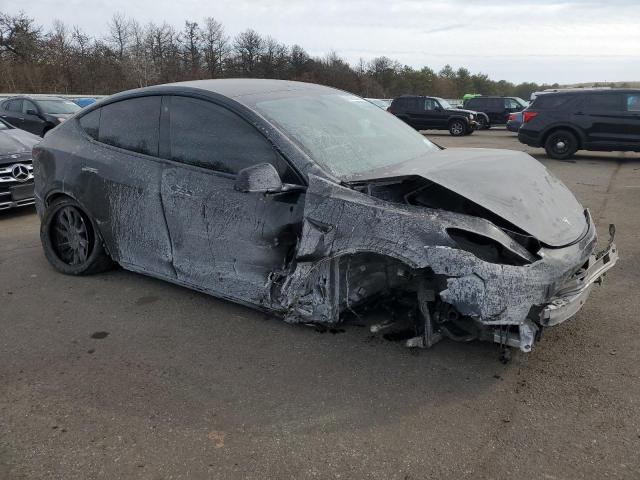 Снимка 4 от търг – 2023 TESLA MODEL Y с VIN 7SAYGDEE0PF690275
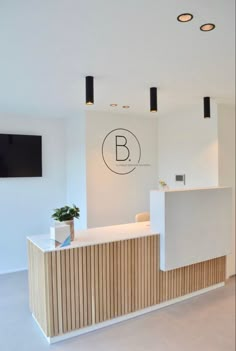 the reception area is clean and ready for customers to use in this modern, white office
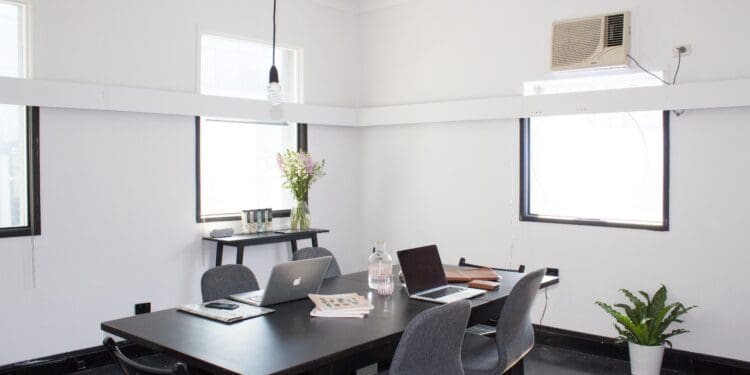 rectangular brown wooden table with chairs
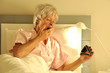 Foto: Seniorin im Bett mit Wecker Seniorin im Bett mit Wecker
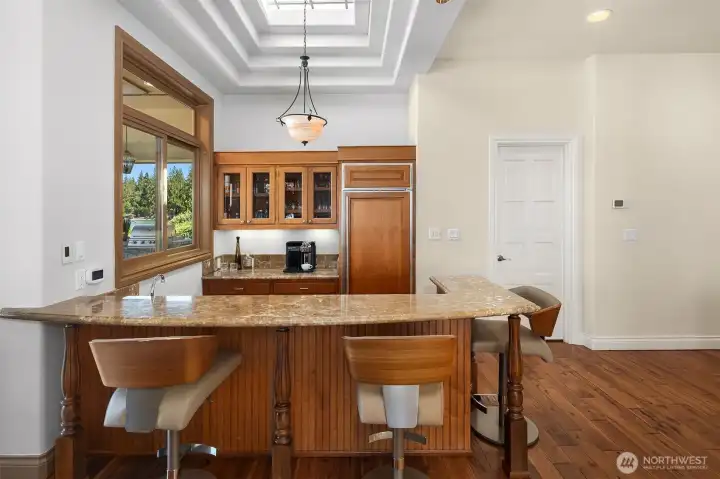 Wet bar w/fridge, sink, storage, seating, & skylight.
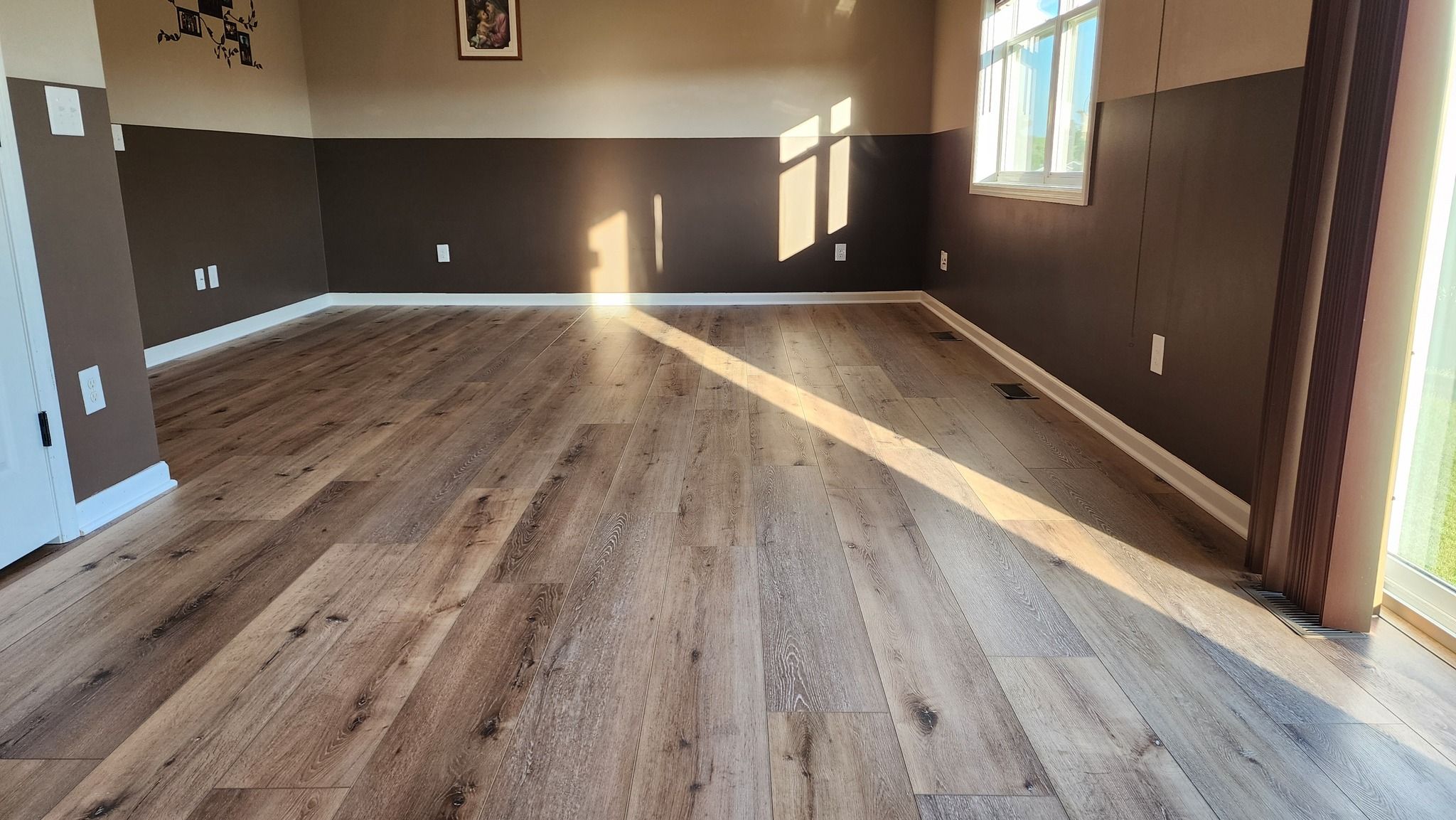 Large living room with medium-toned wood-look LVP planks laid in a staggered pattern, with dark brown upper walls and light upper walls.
########################################
When you transcribe the entries, reproduce each line exactly and skip any picture.

ANSWER TO THE EXERCISE:
 Снимка 4 от търг – 2023 TESLA MODEL Y с VIN 7SAYGDEE0PF690275
 the reception area is clean and ready for customers to use in this modern, white office
 rectangular brown wooden table with chairs
 Foto: Seniorin im Bett mit Wecker Seniorin im Bett mit Wecker
 Wet bar w/fridge, sink, storage, seating, & skylight.
 Large living room with medium-toned wood-look LVP planks laid in a staggered pattern, with dark brown upper walls and light upper walls.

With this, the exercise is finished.